BEGIN Data excerpt

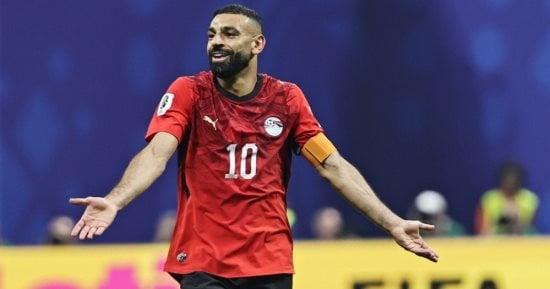محمد صلاح يغادر معسكر منتخب مصر قبل لقاء جنوب السودان بالتنسيق مع العميد
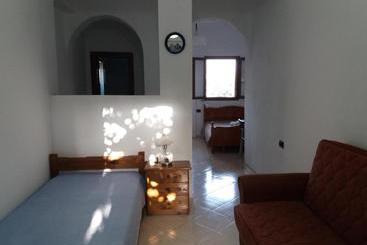 پانسیون Qeparo Antonio Rooms
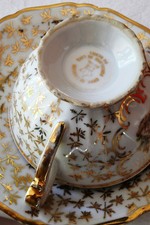 TASSE ET SOUCOUPE EN PORCELAINE DE LUXE DU BERRY. EMAIL DE LIMOGES.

END Data excerpt

Work order: Beginning at the line that contains "پانسیون Qeparo Antonio Rooms", retype each line of the data above through the very last one. Do not retype the pictures.

Final answer:
 پانسیون Qeparo Antonio Rooms
 TASSE ET SOUCOUPE EN PORCELAINE DE LUXE DU BERRY. EMAIL DE LIMOGES.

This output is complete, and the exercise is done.